【監督】ジャン=ピエール・ジュネ/マルク・キャロ
【出演】ロン・パールマン/ジュディット・ヴィッテ/ドミニク・ピノン /ジャン=クロード・ドレフュス/ダニエル・エミルフォルク
【個人的評価】★★★★★
【あらすじ】主人公 ミエットは、港町に住む少女。彼女は街の子供スリグループのリーダーとして、誘拐された怪力男 ワンの弟 ダンレーを救出するために一つ目族と戦う。
悪夢的な童話物語のような要素のある映画
ジャン=ピエール・ジュネ監督は、友人のマルク・キャロと共同で映画製作をするようになり、1991年「デリカテッセン」で長編映画監督デビューしています。のちに、「アメリ」で世界的なヒット作を送り出し、ブラックユーモアと独特なキャラクター作りで定評のある監督です。

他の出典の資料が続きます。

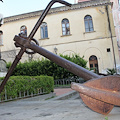 Amalfi e Flavio Gioia – Parte Prima. La (gloriosa) storia del Regio Incrociatore intitolato al leggendario inventore della bussola 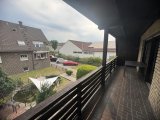 Balkon (Haus 2)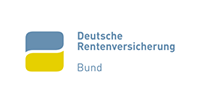 Deutsche Rentenversicherung Bund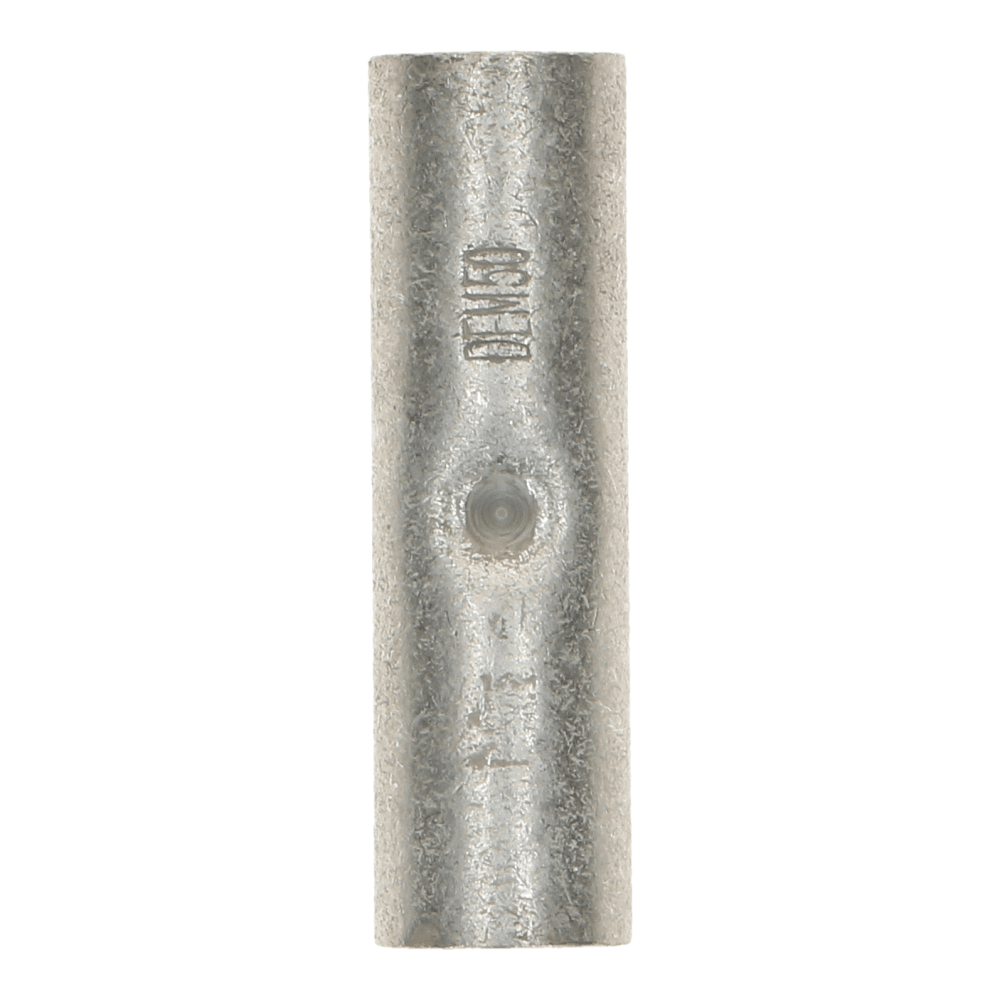 Doorverbinder DEM 50mm²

ロン・パールマンは、学生時代に父親から俳優の道を勧められ、1981年「人類創世」で俳優デビューしています。特徴的な体格と風貌で、ジャン=ピエール・ジュネ作品に数多く出演しています。
ジュディット・ヴィッテは、10歳の時に本作のオーディションに受かり、女優として出演しますが、考古学者か建築家になる夢があり、俳優としての活躍は2020年現在は行っていません。
本作の衣装デザインは、ジャン=ポール・ゴルチエが担当しており非常にかわいらしいデザインでもあり独特なデザインでもあり、この映画の世界観に非常にマッチしています。
音楽は、アンジェロ・バダラメンティが担当しており、デヴィッド・リンチの映画の音楽をよく担当されているので、印象としてはやはり、リンチの世界観を感じます。
物語は、独特の雰囲気のある港町で発生した事件を主軸に、奇妙な登場人物たちが誘拐事件を解明するために活躍するストーリーです。
一見、アート系な映画に見えますが、監督自身の趣向でもあり、情報量の多いコントラストの効いた映像が特徴です。
誘拐事件の究明をいうところが、本筋でもありますので、複雑なストーリーではありません。
ただし、登場人物と独特な映像を考えると複雑そうな物語として取られても仕方ないところかもしれません。
本作の魅力は、ミエットが超絶にカワイイところであり、10歳にしてすでに大人の魅力をも兼ねる美貌があることです。
カワイイと美人という要素なだけに本作の主人公にぴったりな印象になります。
他にも体型が小さな人や独特な顔の人などが登場することで、誰が誰なのかを見失うことは少ないです。
サンタクロースがやってくる悪夢については、非常に演出が良く、大人でも多少トラウマになりそうな演出がされています。怖いというよりも、奇妙という表現が適しています。
特筆すべきは、音楽とノミ。
このノミに刺されてしまうととある音楽を聴いてしまうことで洗脳されてしまうというもの。
ノミの視点での映像も面白く、映像のこだわりを感じます。
個人的に最も好きなのは、ミエットの涙から連鎖する危機の脱し方があり、ピタゴラスイッチのように様々なことが連鎖し、流した涙から相手を倒してしまう演出はこの映画の奇妙さだからこそできるところでもあります。
他にもマッドサイエンティスト的な奇妙さもあり、こう言った要素がツボな人にはオススメできる作品です。
悪夢的な童話物語のような要素のある映画でもあり、まずはミエットがカワイイと思えるなら、それをきっかけに鑑賞してみるのがよいのかもしれません。